Comment conjuguer pluralisme des médias dans les territoires et évolution des usages vers des bulles informationnelles ? L’association Les Relocalisateurs a questionné des responsables du secteur à ce sujet.
Pas de démocratie et de liberté d’expression sans pluralisme des médias, notamment au cœur des territoires. L’association Les Relocalisateurs, créée en 2021, s’active dans ce sens. Sa mission ? « Promouvoir la relocalisation des achats média afin d’accélérer le développement économique et social de nos territoires et préserver une diversité médias, source de démocratie ». Une quinzaine des plus gros acteurs du secteur dont Publicis Media, CMI France, 366, Radio France Publicité ont rallié ce mouvement. Le 8 février, les Relocalisateurs ont invité huit responsables de ces structures à échanger sur « La diversité médias, composante essentielle de la vitalité démocratique ! ».

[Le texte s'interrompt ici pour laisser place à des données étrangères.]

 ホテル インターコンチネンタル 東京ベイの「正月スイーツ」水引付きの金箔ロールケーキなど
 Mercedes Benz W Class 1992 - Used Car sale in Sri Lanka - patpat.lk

Car si des informations sourcées et vérifiés sont essentielles à notre vitalité républicaine, l’évolution des usages numériques, en particulier sur les réseaux sociaux, tend à enfermer les utilisateurs dans des contenus ciblés sur leurs centres d’intérêt et leurs opinions, sans confrontation avec des points de vue divers. Comment échapper à ces bulles de filtre ? Seul le travail des médias professionnels peut y aider mais il a un coût. Et les recettes publicitaires sont de plus en plus captées par les Gafa. Elles seront à 65 % entre les mains des acteurs du numérique en 2030, contre 52 % en 2022, selon une étude PMP Strategy pour l’Arcom et le ministère de la Culture. Nathalie Sonnac, professeure à Panthéon-Assas, l’a souligné : « Les Gafa sont le point d’accès à l’information et en position dominante sur le marché de la publicité en ligne. Ces acteurs ne font que faire circuler l’information par des activités de curations et nourrissent une infobésité ». Selon elle, deux mesures s’imposent : modifier la réglementation et notamment le dispositif anti-concentration qui ne prend pas en compte le digital et donner des outils de compréhension de la fabrique de l’information.

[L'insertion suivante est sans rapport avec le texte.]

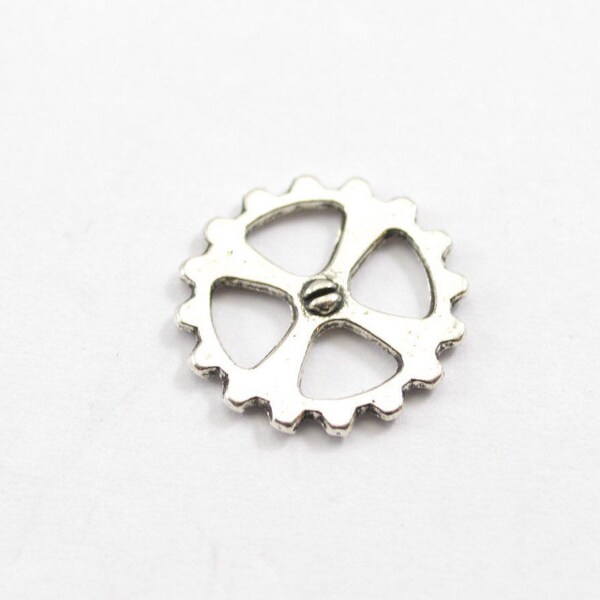 Silver Gear Charm - 15mm Diameter - Steampunk Antique Silver Bracelet Charm Necklace Charm in Bulk Charm  - Ba8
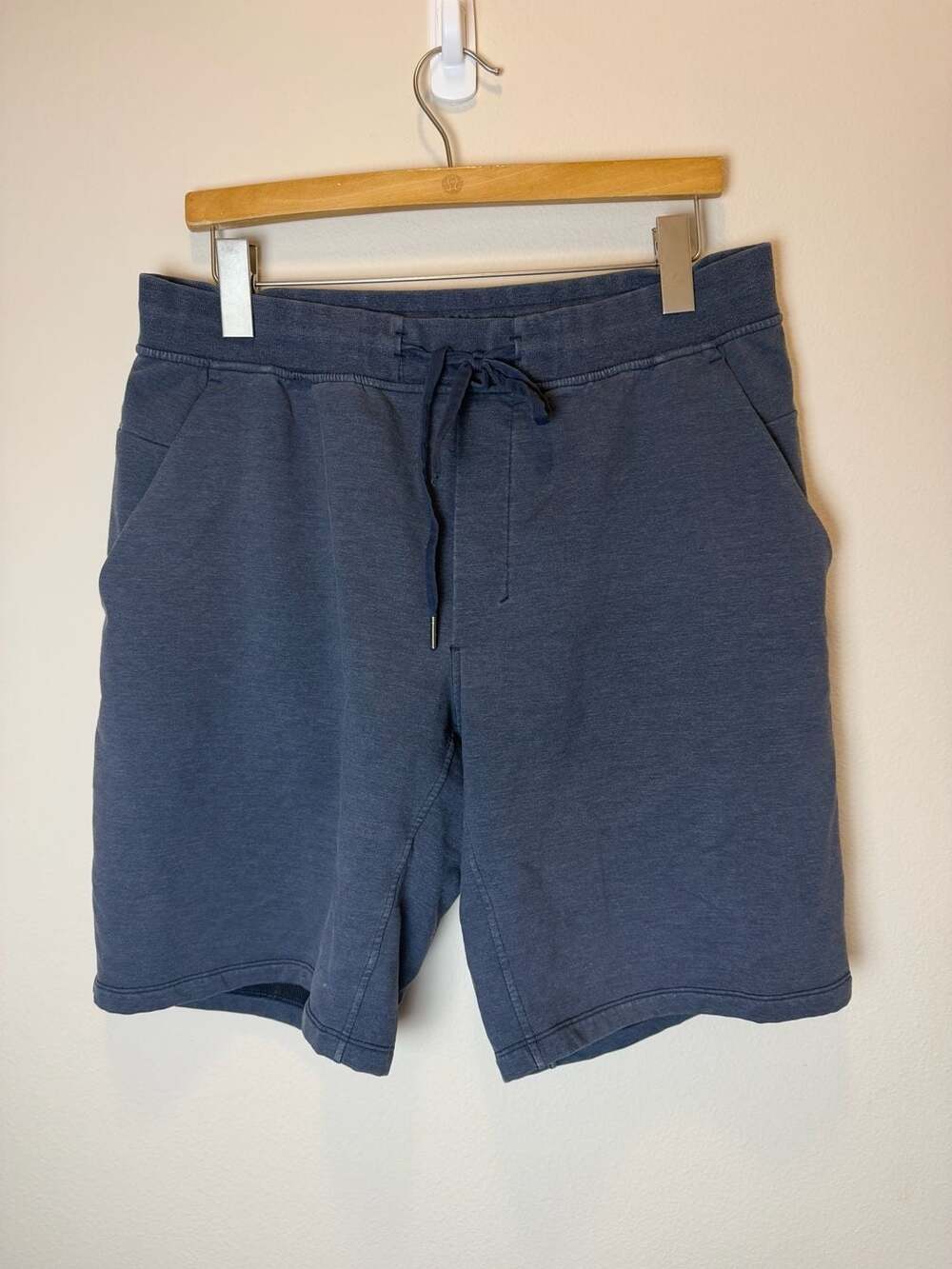 Lululemon City Sweat Shorts Size XL Blue Fleece Unlined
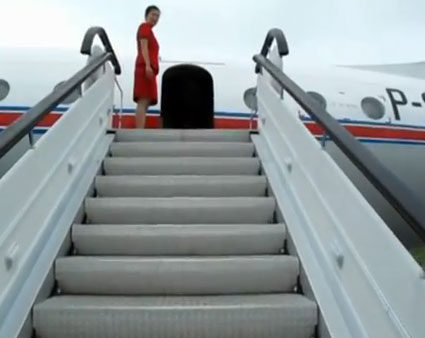 北朝鮮の高麗航空が、フェイスブックで旅客機内部を公開した（写真＝高麗航空が公開した動画キャプチャー）。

Comme l’a rappelé Alexis Goujon, directeur général des Relocalisateurs, 16 % des 12-24 ans pensent que la Terre est plate et 28 % quand ils sont aussi utilisateurs de TikTok. Étendre le pass Culture aux abonnements de presse écrite a aussi été énoncé comme la mise en place d’un crédit d’impôt pour favoriser l’investissement dans les médias d’information. Sophie Renaud, directrice des études de 366, a rappelé le poids des journalistes de la PQR : un tiers de cartes de presse en France et 250 éditions. « Pour lutter contre les déserts médiatiques et la désinformation, le groupe Ebra a décidé d’offrir aux jeunes de 18 à 25 ans un abonnement numérique gracieux », a-t-elle rappelé.

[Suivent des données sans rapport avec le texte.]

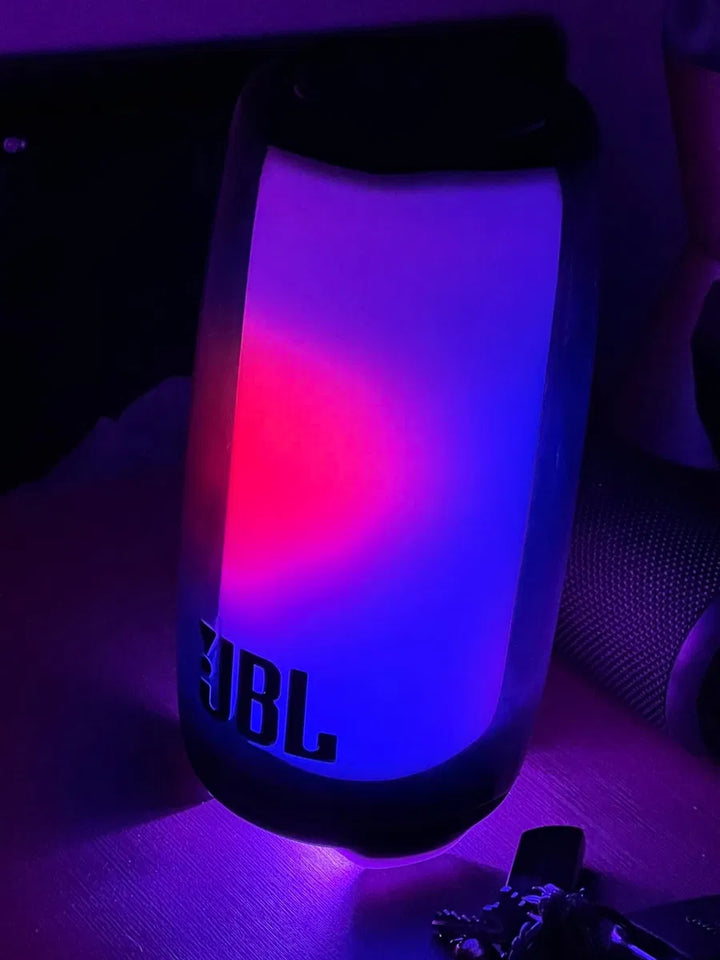 ¡Oferta relámpago! ¡Más de 50 mil unidades vendidas! ¡Casi agotado! JBL Pulse 5 – ¡Sonido Premium y Potencia al Máximo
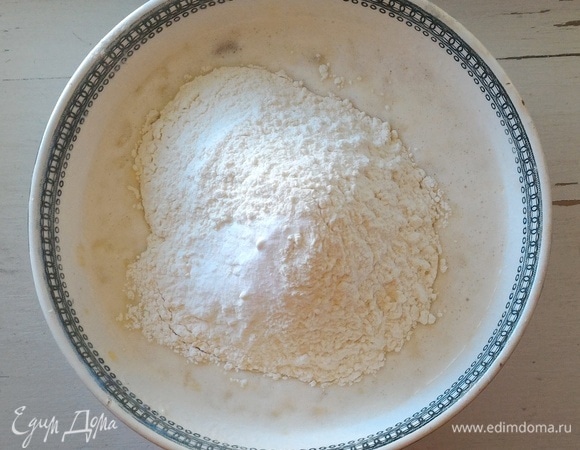Высыпьте просеянную муку и соду, перемешайте до однородности.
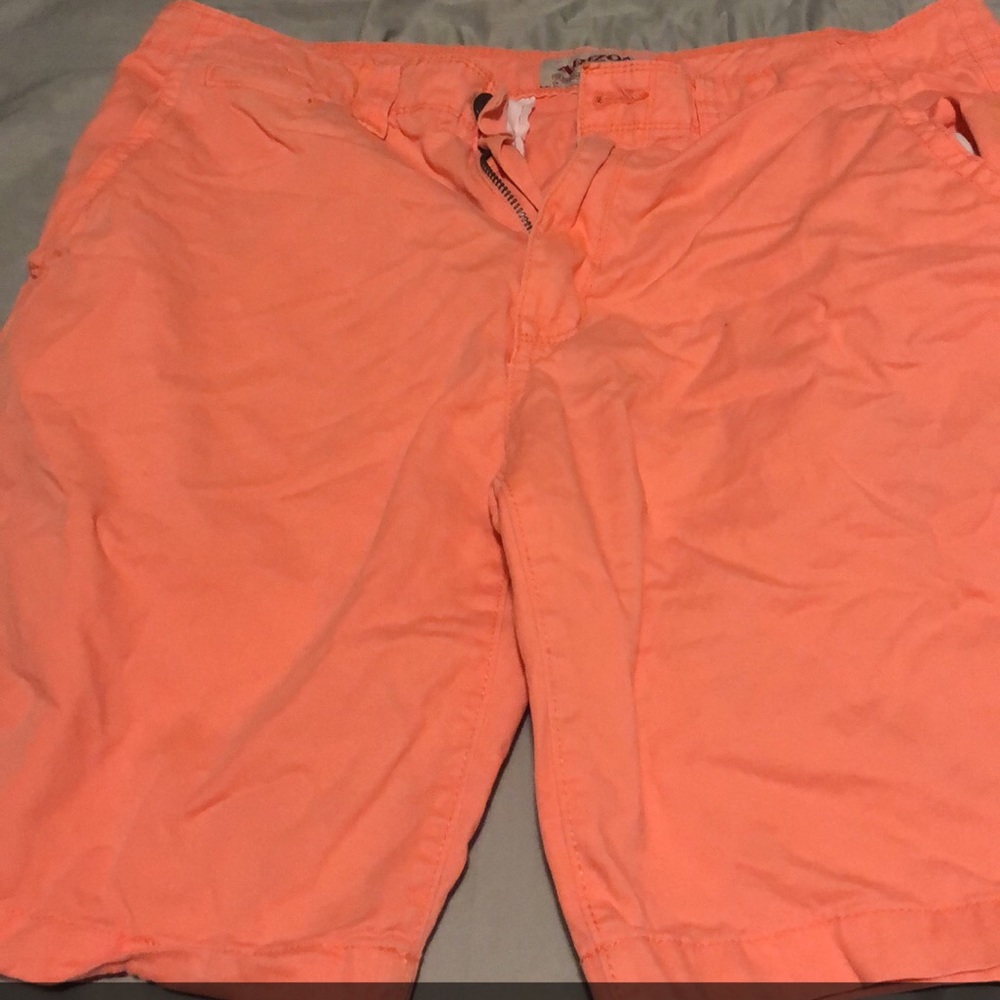 Arizona size 36. More peachy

Pour maintenir cette diversité des médias de proximité, il faut aussi que les investissements publicitaires suivent. Une nécessité qu’a évoquée Julie Humeau, directrice des médias et des études de marché chez Dentsu : « Plus qu’une réponse, c’est une mission que l’on a, dans les propositions que l’on fait aux annonceurs, de favoriser des investissements plurimédias pour soutenir aussi, y compris sur le digital, une partie des éditeurs français ». Les Relocalisateurs ont d’ailleurs lancé le chantier d’une vaste étude à destination du marché pour souligner le lien d’interdépendance entre richesse du paysage médiatique local et vitalité démocratique.